Install Required Packages:

pip install -r requirements.txt

Install Pre-Commit Hooks:

make hooks

Create a SECRETS file

touch SECRETS
echo OPENAI_API_KEY=<INSERT_HERE> >> SECRETS
echo ANTHROPIC_API_KEY=<INSERT_HERE> >> SECRETS
echo DEFAULT_ORG=org-<INSERT_HERE> >> SECRETS

Gemini setup

Ask team get added to the project
Install gcloud CLI. Configure with project=roots-api-1475521819980, location=us-central1
Follow instructions for authenticating to Vertex: (Authenticate to Vertex AI | Google Cloud)[https://cloud.google.com/vertex-ai/docs/authentication]

Usage

The best starting point to see how inference and finetuning works is to use the sweep_full_study script. This produces a state.json file that lists all individual commands that make up an experiment.

python -m scripts.sweep_full_study \
--study_name="full_sweep_test" \
--model_configs="gpt-3.5-turbo" \
--val_only_model_configs="gpt-4o" \
--tasks='{"wikipedia": ["identity", "sentiment"]}' \
--prompt_configs="minimal" \
--val_tasks='{"number_triplets": ["identity", "sentiment"]}' \
--n_object_train=1000 \
--n_object_val=250 \
--n_meta_val=50

Running Finetuning

Creating a JSONL File

The JSONL files are created using the evals.apis.finetuning.create_dataset.py file. Pass a path to a folder containing config files for the dataset you want to create. The config files should be in the following format:

name: number_triplets
base_dir: exp/number_triplets_azalea/base_gpt-3.5-turbo-0125_base-completion-azalea-system_prompt_number_triplets_dataset

defaults:
  - dataset: number_triplets
  - prompt: base_completion_azalea_system # using which prompt?

dataset:
  num: 100 # how many strings to generate? None for all in the base_dir
  response_property: None # When seeding the strings, extract the property from the string and score against it. Use `None` or any function from evals/response_property.py. Remember to change the prompt!
  string_modifier: None # Require that the string has to be reconstructed.
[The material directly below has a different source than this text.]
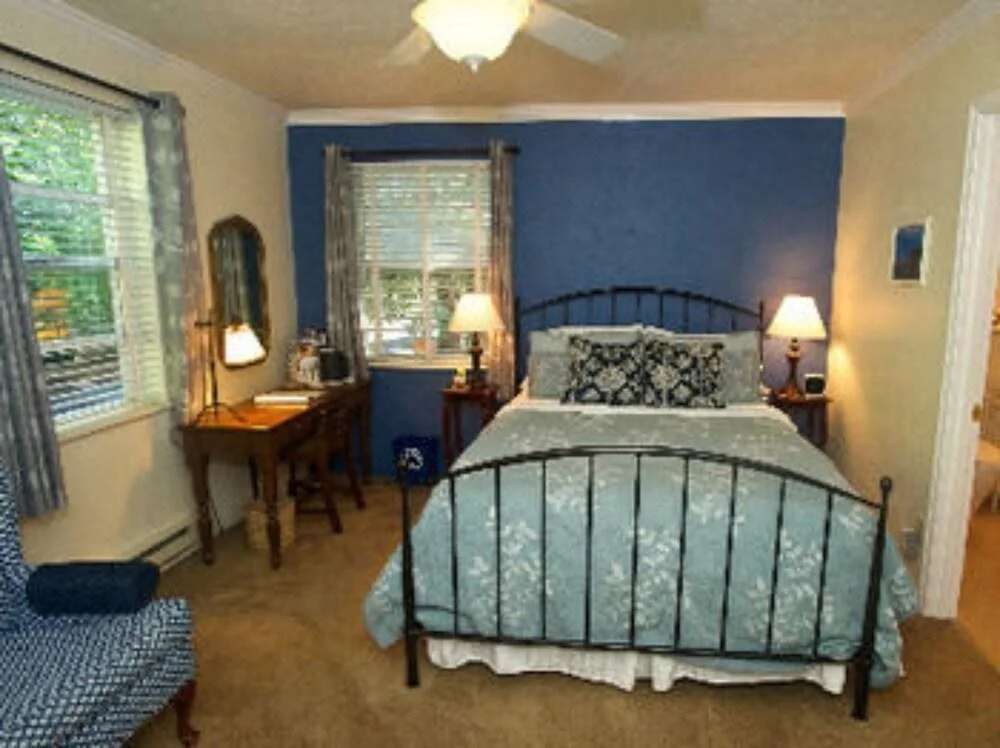 The Oval Door Bed and Breakfast Inn
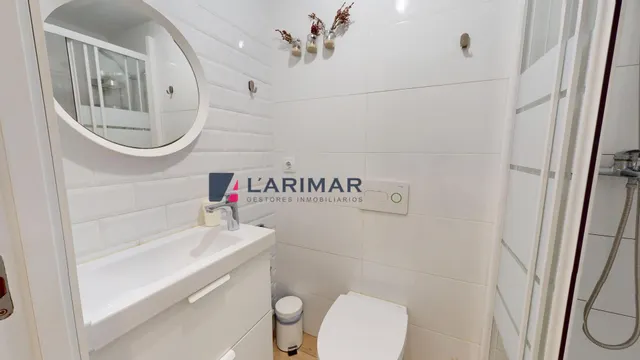 Hostal en pleno funcionamiento en el centro de Alicante | licencia turística | rentabilidad 10%-14% — 16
None or any function from evals/string_modification.py. Remember to change the prompt!

The dataset will be saved out into the folder.

Basic Run: Prepare a jsonl file according to the openai format and run the following command:

for n_epochs in 4 8; do python3 -m evals.apis.finetuning.run $jsonl_path --n_epochs $n_epochs --notes test_run --no-ask_to_validate_training --organization FARAI_ORG; done

Use the CLI: There are a few helper functions to do things like list all the files on the server and delete files if it gets full.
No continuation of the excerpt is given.